**ACTION ITEM:** From the listing below, copy only the lines from the line that contains "AUDI S8 2013 - WAUD2AFD2DN009154" to the line that contains "Used 2023 Nissan Titan SV image 17", counting those two lines as part of the copy.

**DATA EXTRACT:**
------------------------------
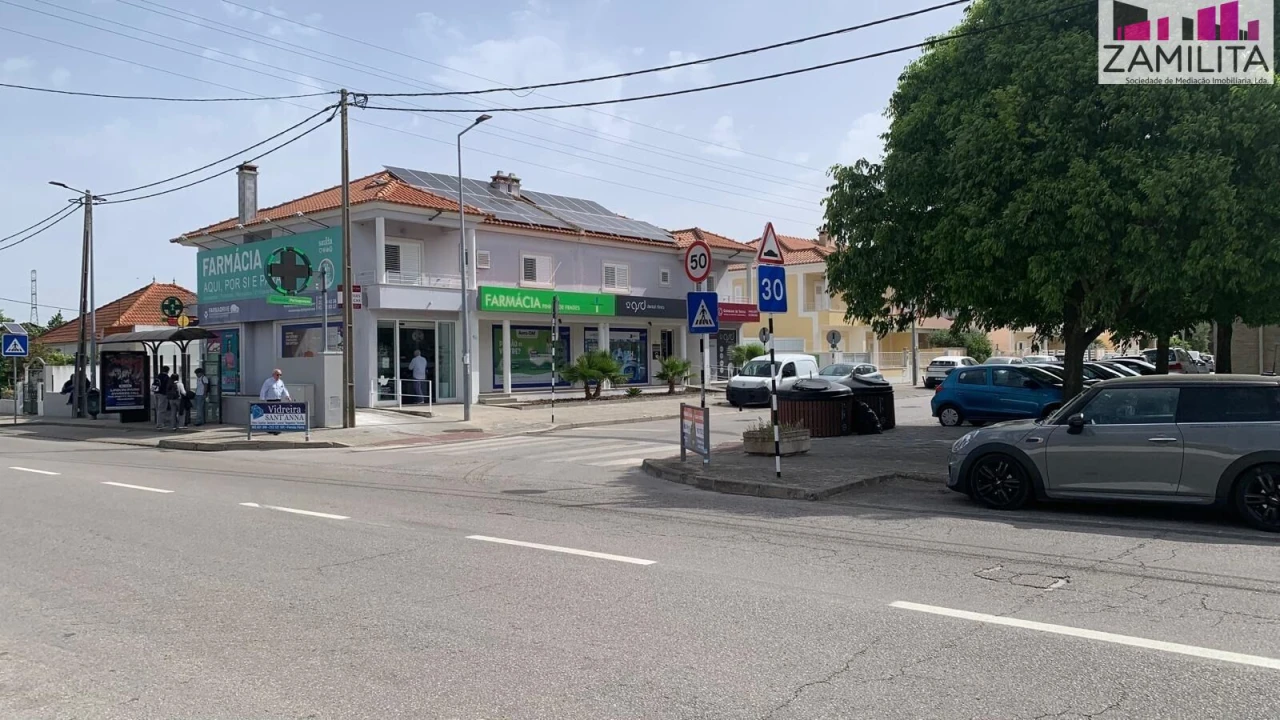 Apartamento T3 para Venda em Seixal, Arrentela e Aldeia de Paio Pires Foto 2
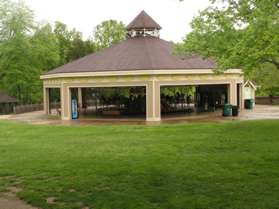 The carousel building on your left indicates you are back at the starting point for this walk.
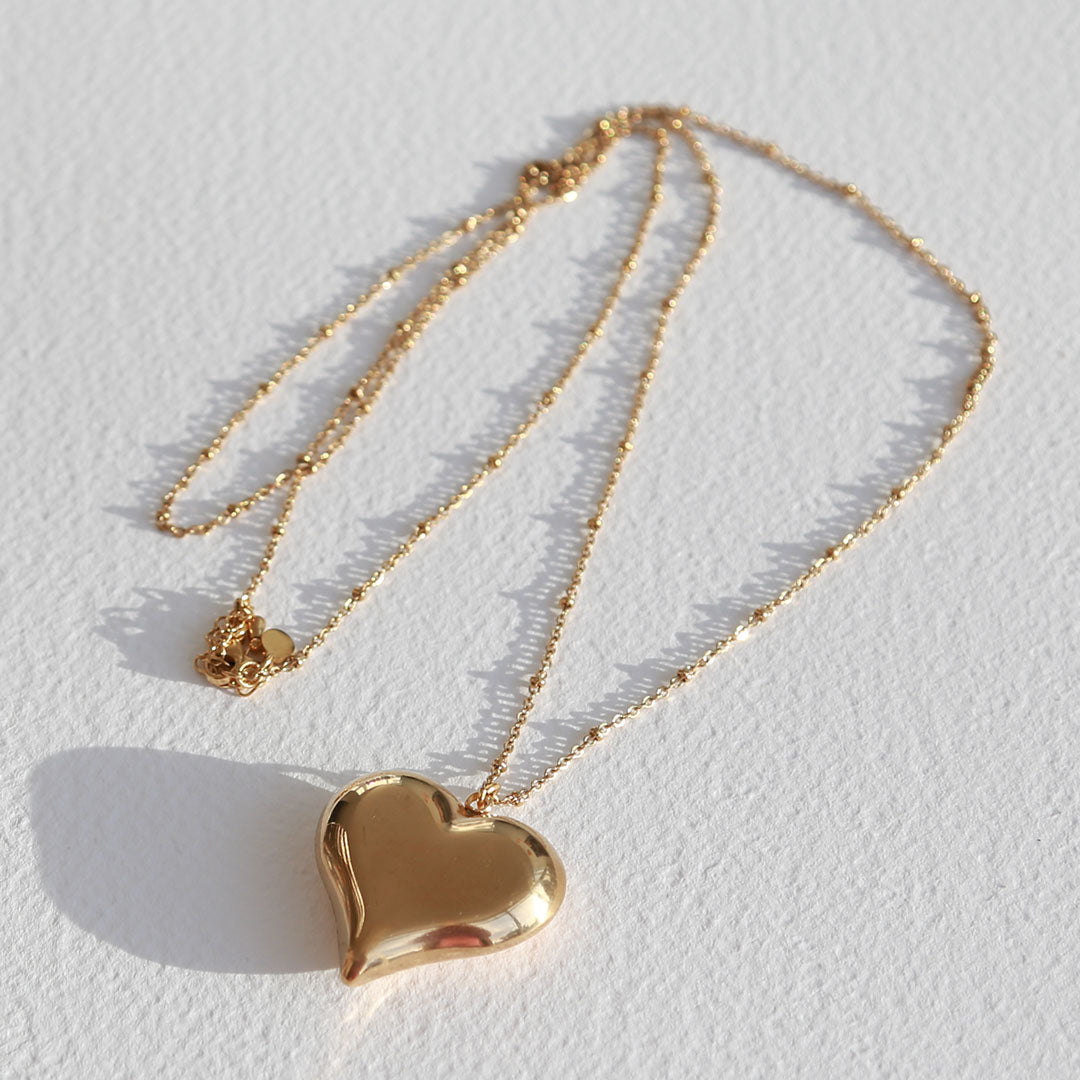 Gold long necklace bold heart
------------------------------
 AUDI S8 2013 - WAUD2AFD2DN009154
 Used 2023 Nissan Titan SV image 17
------------------------------
**OUTPUT:**
 AUDI S8 2013 - WAUD2AFD2DN009154
 Used 2023 Nissan Titan SV image 17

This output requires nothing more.